→ **EXERCISE AIM**: Lines from the first one down to the one containing "Trailer Hitch Coupler" in the data below are the only ones needed; please return them exactly, both ends included.

(Beginning of INPUT FOR THIS TASK)

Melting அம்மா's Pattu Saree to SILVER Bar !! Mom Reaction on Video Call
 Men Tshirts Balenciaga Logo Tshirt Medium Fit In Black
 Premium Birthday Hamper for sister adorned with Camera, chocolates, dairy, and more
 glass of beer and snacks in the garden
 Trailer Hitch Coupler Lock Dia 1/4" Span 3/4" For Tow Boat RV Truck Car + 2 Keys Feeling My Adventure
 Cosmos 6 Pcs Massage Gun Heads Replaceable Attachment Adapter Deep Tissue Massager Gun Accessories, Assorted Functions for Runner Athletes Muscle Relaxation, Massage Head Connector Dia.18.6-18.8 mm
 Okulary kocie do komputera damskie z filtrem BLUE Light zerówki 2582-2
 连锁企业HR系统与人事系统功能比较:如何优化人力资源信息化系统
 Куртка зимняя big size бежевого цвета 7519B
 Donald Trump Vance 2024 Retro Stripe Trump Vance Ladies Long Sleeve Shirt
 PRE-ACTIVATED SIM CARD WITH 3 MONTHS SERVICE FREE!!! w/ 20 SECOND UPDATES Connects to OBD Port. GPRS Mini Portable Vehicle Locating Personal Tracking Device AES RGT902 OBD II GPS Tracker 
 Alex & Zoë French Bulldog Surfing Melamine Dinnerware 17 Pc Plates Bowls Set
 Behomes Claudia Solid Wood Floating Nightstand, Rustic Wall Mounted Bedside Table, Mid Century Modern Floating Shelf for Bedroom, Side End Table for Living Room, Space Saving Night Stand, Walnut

(End of INPUT FOR THIS TASK)

→ **RESPONSE AREA**:
Melting அம்மா's Pattu Saree to SILVER Bar !! Mom Reaction on Video Call
 Men Tshirts Balenciaga Logo Tshirt Medium Fit In Black
 Premium Birthday Hamper for sister adorned with Camera, chocolates, dairy, and more
 glass of beer and snacks in the garden
 Trailer Hitch Coupler Lock Dia 1/4" Span 3/4" For Tow Boat RV Truck Car + 2 Keys Feeling My Adventure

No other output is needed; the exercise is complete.